Classes - The Comfort Appliance
This project has its origins in technologies that were first discussed during the first energy crisis of the 1970’s. This effort made use of the idea that a phase transformation (such as making water into ice) was an effective way of storing energy. This technology is used in a number of large building such as the State of Illinois building in Chicago in order to make use of off-peak energy to cool a building. make ice all night with cheap electricity, and blow air over the ice during the day in order to cool the building. This is not necessarily an efficient system, but given the inefficiencies of energy usage it is a good strategy both for the building owner (depending on electricity pricing) and for the utility.
Bring into this equation the continuing need for low carbon energy and the emerging importance of wind, both terrestrial and in the future off-shore wind. However nearly all of the alternative energy technologies are unreliable and may produce electricity when it is not needed and be still when unneeded. We cannot heat and cool houses only when the wind is blowing, so a storage mechanisms is needed.
Now shift to the cabin in the wood, the off-the-grid house or the low impact house. Heating with a pellet or wood stove is great, and, depending on how it is done, can be a sustainable alternative. But, if you have lived with a wood stove, you know that the temperature in the house tends to vary, too hot then too cold. If you use the damper the fire burns dirty. Really, the best case for wood is to run it hard and then let it die. This is the same storage need that is seen with heating that is based on “extra” electricity from renewable sources.
Therefore, a tool is needed. Think about a spring in a mechanical system or a capacitor in an electrical system. In this case the system is our heating and electrical grid, we need a way to take the heat and to time shift it. Too much heat as you head to bed, too little in the morning before you get the wood stove going. Cool nights, and heat that needs to be dumped from the air all day long.
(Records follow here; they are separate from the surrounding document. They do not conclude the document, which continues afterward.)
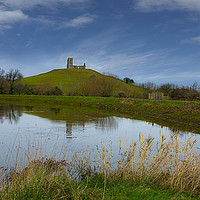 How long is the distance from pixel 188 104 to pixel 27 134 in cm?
1944

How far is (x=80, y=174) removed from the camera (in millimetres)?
6934

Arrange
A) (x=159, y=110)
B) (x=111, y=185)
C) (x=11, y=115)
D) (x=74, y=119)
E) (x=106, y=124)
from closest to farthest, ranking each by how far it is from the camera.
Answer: (x=111, y=185)
(x=106, y=124)
(x=74, y=119)
(x=11, y=115)
(x=159, y=110)

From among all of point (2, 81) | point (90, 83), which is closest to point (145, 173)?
point (90, 83)

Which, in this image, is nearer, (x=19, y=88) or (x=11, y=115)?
(x=11, y=115)

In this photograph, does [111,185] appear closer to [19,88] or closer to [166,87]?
[166,87]

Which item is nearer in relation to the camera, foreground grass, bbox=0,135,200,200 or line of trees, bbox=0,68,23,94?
foreground grass, bbox=0,135,200,200

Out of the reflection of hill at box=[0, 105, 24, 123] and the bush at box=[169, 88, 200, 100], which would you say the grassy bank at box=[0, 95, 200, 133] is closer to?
the bush at box=[169, 88, 200, 100]

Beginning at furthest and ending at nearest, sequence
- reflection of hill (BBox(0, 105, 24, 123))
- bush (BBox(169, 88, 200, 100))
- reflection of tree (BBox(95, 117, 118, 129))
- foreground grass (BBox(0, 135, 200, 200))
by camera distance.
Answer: bush (BBox(169, 88, 200, 100)) < reflection of hill (BBox(0, 105, 24, 123)) < reflection of tree (BBox(95, 117, 118, 129)) < foreground grass (BBox(0, 135, 200, 200))

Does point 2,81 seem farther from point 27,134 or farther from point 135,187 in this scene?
point 135,187

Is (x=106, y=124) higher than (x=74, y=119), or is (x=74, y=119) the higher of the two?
(x=74, y=119)

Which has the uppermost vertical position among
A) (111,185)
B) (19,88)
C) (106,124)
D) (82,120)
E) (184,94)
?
(19,88)

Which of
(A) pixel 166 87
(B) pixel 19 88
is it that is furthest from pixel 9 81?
(A) pixel 166 87

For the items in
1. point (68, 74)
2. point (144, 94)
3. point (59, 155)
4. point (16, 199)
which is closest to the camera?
point (16, 199)

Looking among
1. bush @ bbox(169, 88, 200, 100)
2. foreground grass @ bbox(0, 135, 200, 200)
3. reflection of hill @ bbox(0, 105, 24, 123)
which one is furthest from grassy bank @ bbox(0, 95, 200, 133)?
reflection of hill @ bbox(0, 105, 24, 123) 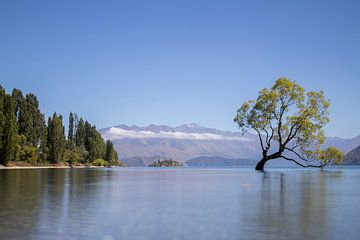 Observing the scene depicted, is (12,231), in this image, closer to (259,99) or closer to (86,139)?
(259,99)

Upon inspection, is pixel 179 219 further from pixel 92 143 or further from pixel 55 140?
pixel 92 143

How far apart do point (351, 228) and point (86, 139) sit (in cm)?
17314

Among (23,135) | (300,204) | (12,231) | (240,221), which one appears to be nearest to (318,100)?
(300,204)

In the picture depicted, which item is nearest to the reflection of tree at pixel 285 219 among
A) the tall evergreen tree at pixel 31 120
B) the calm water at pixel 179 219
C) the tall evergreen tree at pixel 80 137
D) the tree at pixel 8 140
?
the calm water at pixel 179 219

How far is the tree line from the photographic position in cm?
9650

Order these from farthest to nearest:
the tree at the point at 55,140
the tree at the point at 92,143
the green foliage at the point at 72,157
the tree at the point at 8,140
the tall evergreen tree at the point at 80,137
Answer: the tall evergreen tree at the point at 80,137 < the tree at the point at 92,143 < the green foliage at the point at 72,157 < the tree at the point at 55,140 < the tree at the point at 8,140

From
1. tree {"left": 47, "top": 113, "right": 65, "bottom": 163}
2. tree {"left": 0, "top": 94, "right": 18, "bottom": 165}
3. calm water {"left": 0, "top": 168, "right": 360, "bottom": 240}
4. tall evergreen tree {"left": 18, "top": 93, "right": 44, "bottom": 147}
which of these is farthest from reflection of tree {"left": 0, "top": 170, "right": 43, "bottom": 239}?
tree {"left": 47, "top": 113, "right": 65, "bottom": 163}

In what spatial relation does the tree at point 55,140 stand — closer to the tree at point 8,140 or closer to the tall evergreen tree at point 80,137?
the tree at point 8,140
To quote “The Graduate”, not “Plastics”, but “Wax”.
Wax materials exist that melt and freeze at room temperature. Efficiently storing the heat during the times when the room is hot becomes an issue of melting the wax. Cooling the room is a matter of solidifying the wax. This becomes the “Comfort Appliance”. A ducted fan system with a heat exchanger filled with wax that melts at room temperature and can store the heat from the wood stove or remove heat from the room using wax solidified overnight. Materials such as notable can be used to remove heat over a very narrow range. Fans and flaps and exterior ducting can provide the mechanism for air flow, moving, for example, outside air across the coils overnight in the summer, and circulating interior air across the coils during the day. This project will design a “Comfort Appliance” for an 800 square foot office, with the capability to store enough heat to keep the room comfortable for 4 hours and to cool the same room for 8 hours. The system should be designed for retrofitting between standard stud walls. Existing literature and designs should be used, including patents (such as US Patent 6319599) and technical papers (B. Zalba et al., Applied Thermal Engineering 23 (2003) 251–283 or C.K. Halford, R.F. Boehm, Energy and Buildings 39 (2007) 298–305). An existing system from a German manufacturer which are designed for small scale applications can also be used as a reference, however the goal here is to provide a system with significant capacity for retrofitting into a structure instead of an air conditioner or to make wood stoves more efficient (http://www.bouwproducten.nl/resources/upload/khguhw5-EMCO_PCM_systems.pdf). The design will include modeling of the structure, heat transfer across the coils and energy usage for the fans. The second semester will include building a prototype unit and demonstrating the use for a small room. Thermal analysis and wax specification will be provided by an outside expert and wax will be provided for the test system.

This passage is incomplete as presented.